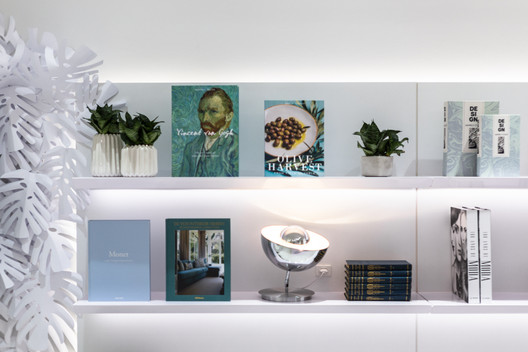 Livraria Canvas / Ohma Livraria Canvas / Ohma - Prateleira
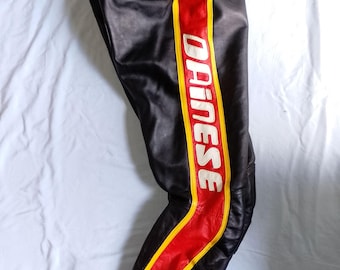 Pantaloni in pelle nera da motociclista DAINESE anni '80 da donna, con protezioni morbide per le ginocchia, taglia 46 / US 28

· · · ·

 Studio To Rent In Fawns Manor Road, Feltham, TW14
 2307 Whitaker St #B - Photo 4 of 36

· · · ·

◆ ACTIVITY:
Output should consist of the lines above from the one with "Livraria Canvas / Ohma Livraria" down to the one with "Pantaloni in pelle", exact and without pictures.

◆ SOLUTION:
 Livraria Canvas / Ohma Livraria Canvas / Ohma - Prateleira
 Pantaloni in pelle nera da motociclista DAINESE anni '80 da donna, con protezioni morbide per le ginocchia, taglia 46 / US 28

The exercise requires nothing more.